→ Task instructions: Under this line is a listing; return exactly the lines starting at the one with "Botas de tacón" and running down to the one with "VIOLAd'ORO ヴィオラドーロ 【美品】ラフィアｘレザー", and leave out its pictures.

→ Task data:
· · · · ·

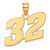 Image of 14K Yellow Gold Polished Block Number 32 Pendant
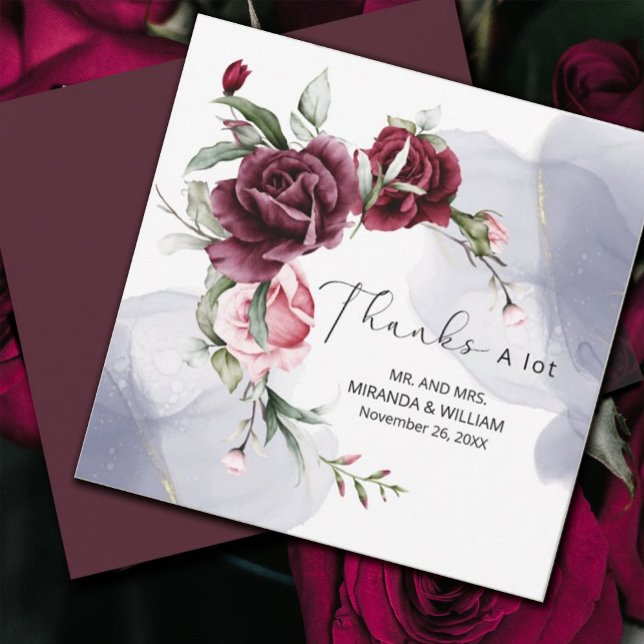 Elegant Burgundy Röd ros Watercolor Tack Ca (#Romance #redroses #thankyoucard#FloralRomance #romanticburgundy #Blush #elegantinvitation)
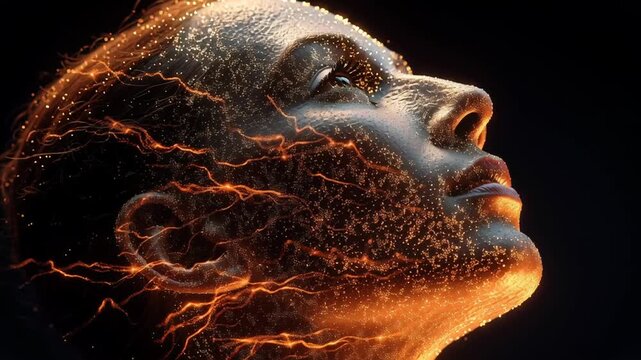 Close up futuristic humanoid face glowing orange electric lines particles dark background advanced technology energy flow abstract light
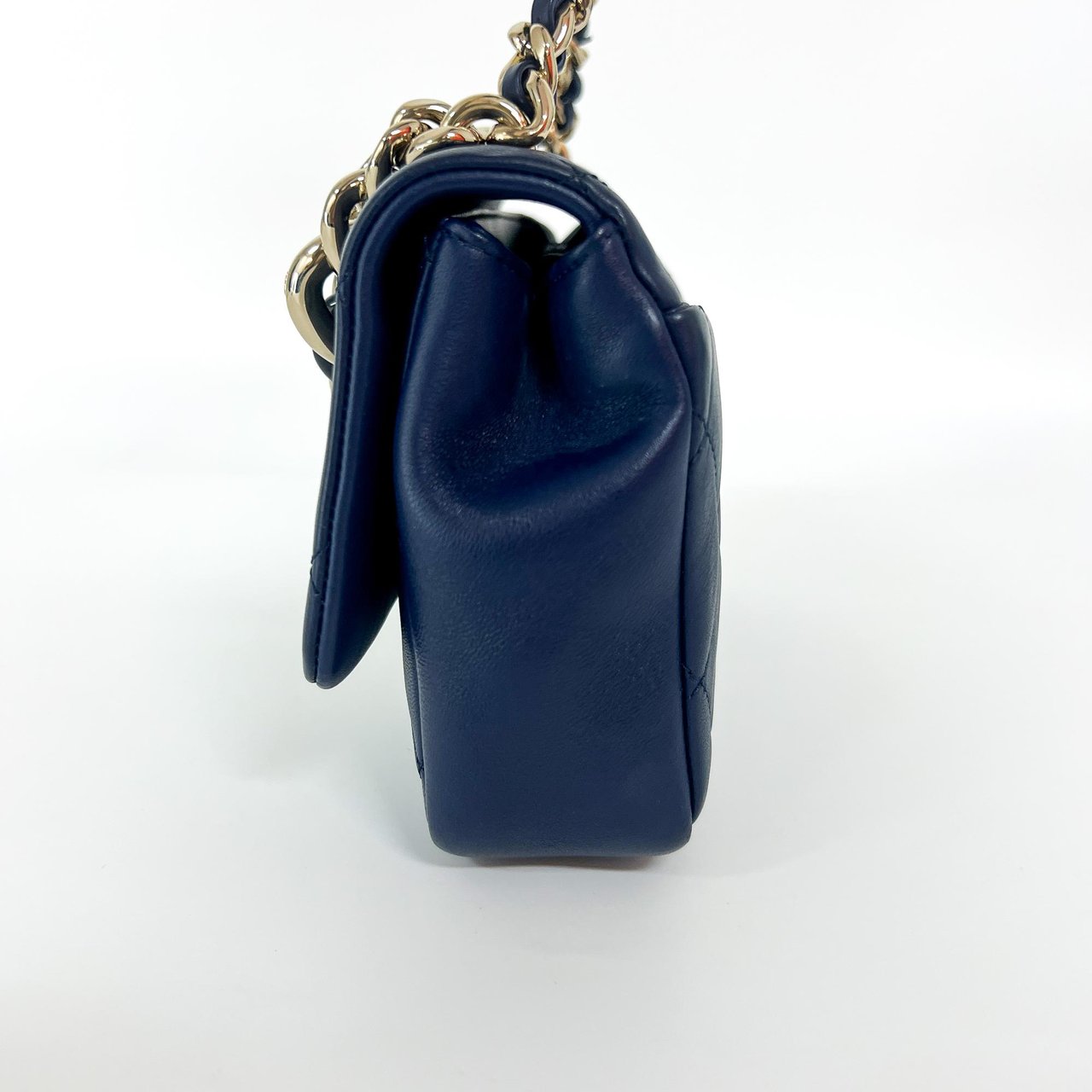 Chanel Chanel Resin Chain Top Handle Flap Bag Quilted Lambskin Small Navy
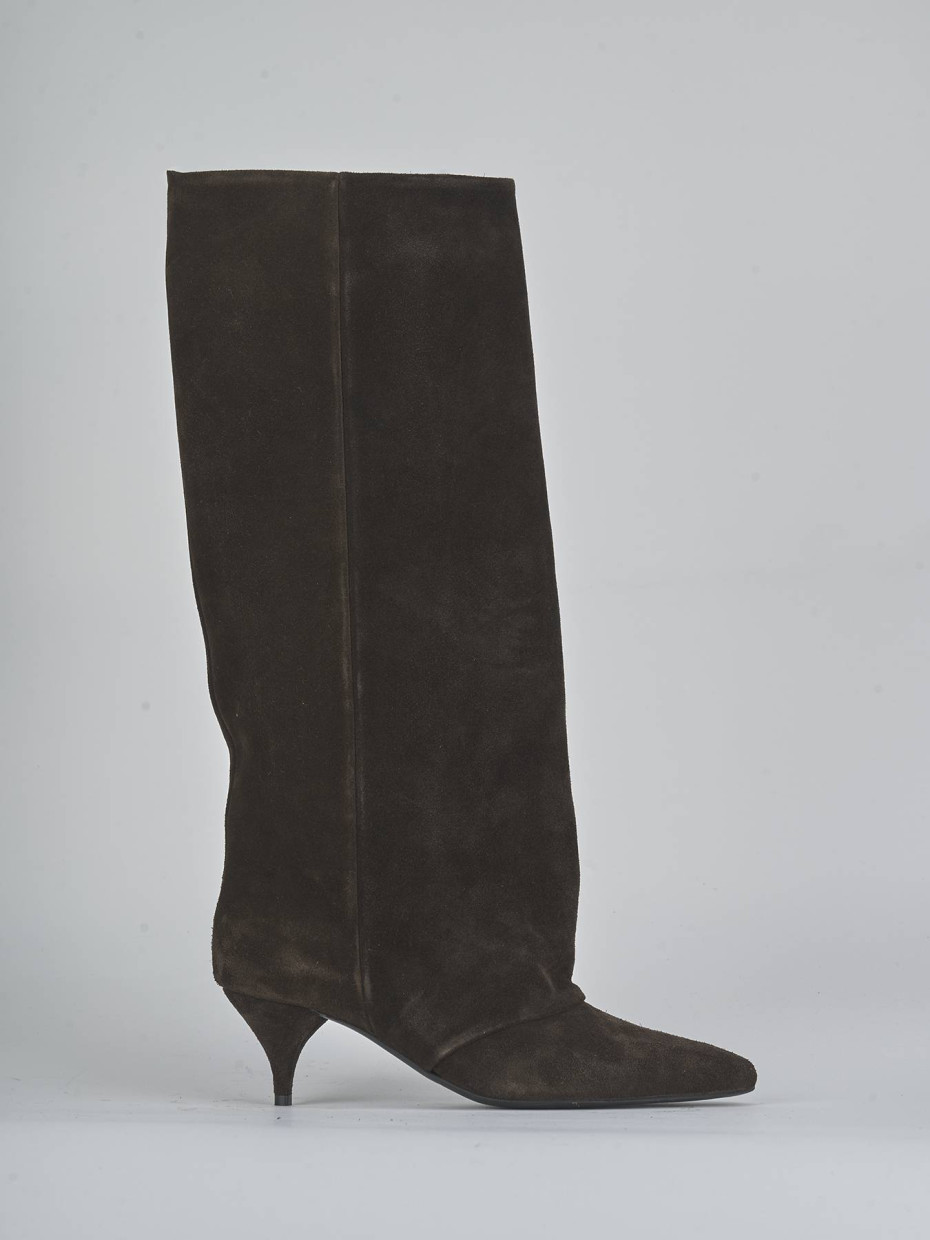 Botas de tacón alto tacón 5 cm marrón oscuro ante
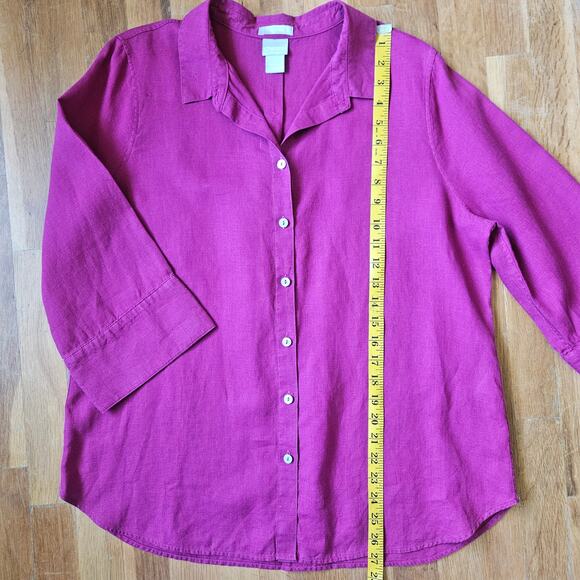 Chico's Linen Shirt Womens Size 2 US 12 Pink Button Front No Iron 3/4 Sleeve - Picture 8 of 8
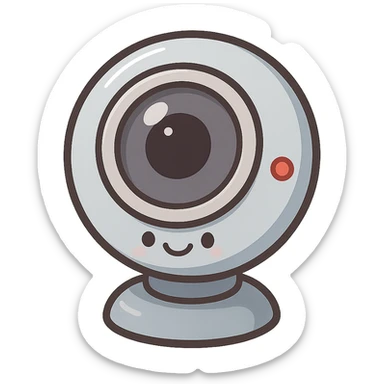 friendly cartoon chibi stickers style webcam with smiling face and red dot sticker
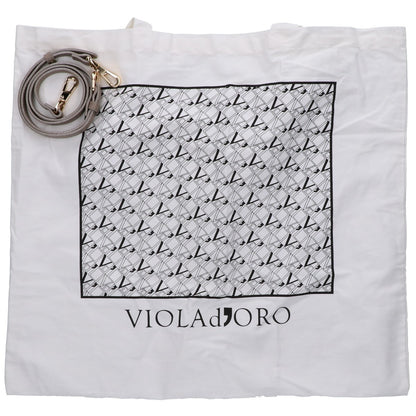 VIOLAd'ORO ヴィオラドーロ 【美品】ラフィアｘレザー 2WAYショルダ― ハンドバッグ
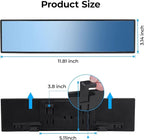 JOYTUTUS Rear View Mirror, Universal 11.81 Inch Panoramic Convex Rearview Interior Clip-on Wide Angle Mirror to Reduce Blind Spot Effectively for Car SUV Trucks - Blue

· · · · ·

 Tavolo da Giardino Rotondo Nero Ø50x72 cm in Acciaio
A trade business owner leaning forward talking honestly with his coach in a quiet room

· · · · ·

→ Task response:
 Botas de tacón alto tacón 5 cm marrón oscuro ante
 Chico's Linen Shirt Womens Size 2 US 12 Pink Button Front No Iron 3/4 Sleeve - Picture 8 of 8
 friendly cartoon chibi stickers style webcam with smiling face and red dot sticker
 VIOLAd'ORO ヴィオラドーロ 【美品】ラフィアｘレザー 2WAYショルダ― ハンドバッグ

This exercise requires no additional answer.